Problem:
Word for word, set down every line of the entries below from the line with "Pastel rood, cool, trendy, decoratief" to the line with "2016 Bowman Draft", including both, and no other line.

Provided information:
******************************

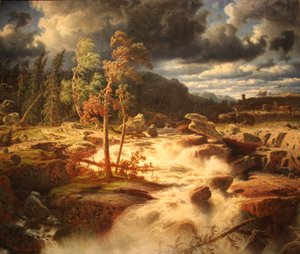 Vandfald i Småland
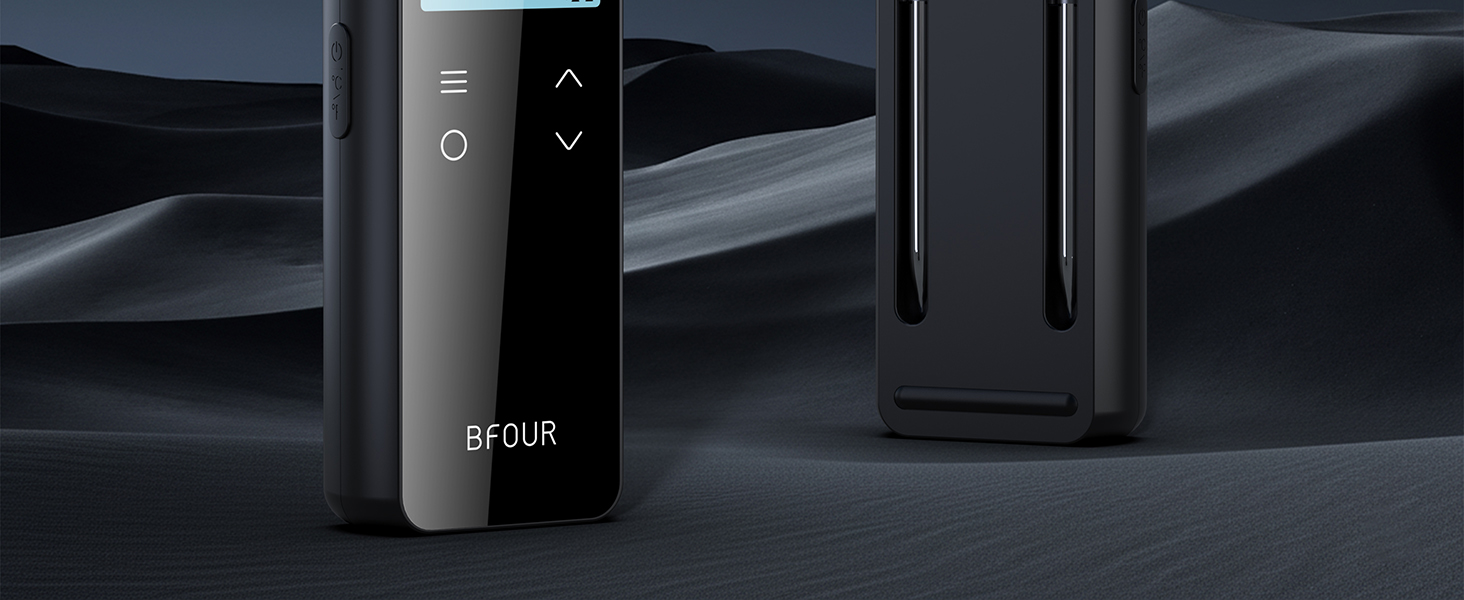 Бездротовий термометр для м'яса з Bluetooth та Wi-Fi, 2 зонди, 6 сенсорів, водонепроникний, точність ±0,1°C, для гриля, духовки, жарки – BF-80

******************************

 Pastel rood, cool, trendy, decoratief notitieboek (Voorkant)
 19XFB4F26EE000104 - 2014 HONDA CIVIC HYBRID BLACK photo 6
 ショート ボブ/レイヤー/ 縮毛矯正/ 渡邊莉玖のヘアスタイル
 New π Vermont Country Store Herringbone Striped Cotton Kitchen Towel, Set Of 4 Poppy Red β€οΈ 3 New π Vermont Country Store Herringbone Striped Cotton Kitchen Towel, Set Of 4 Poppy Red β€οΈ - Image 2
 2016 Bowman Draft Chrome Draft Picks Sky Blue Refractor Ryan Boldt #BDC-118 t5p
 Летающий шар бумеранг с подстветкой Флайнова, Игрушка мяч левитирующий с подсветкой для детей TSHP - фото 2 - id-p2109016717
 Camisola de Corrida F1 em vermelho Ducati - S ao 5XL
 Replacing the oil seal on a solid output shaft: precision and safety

******************************

Solved problem:
 Pastel rood, cool, trendy, decoratief notitieboek (Voorkant)
 19XFB4F26EE000104 - 2014 HONDA CIVIC HYBRID BLACK photo 6
 ショート ボブ/レイヤー/ 縮毛矯正/ 渡邊莉玖のヘアスタイル
 New π Vermont Country Store Herringbone Striped Cotton Kitchen Towel, Set Of 4 Poppy Red β€οΈ 3 New π Vermont Country Store Herringbone Striped Cotton Kitchen Towel, Set Of 4 Poppy Red β€οΈ - Image 2
 2016 Bowman Draft Chrome Draft Picks Sky Blue Refractor Ryan Boldt #BDC-118 t5p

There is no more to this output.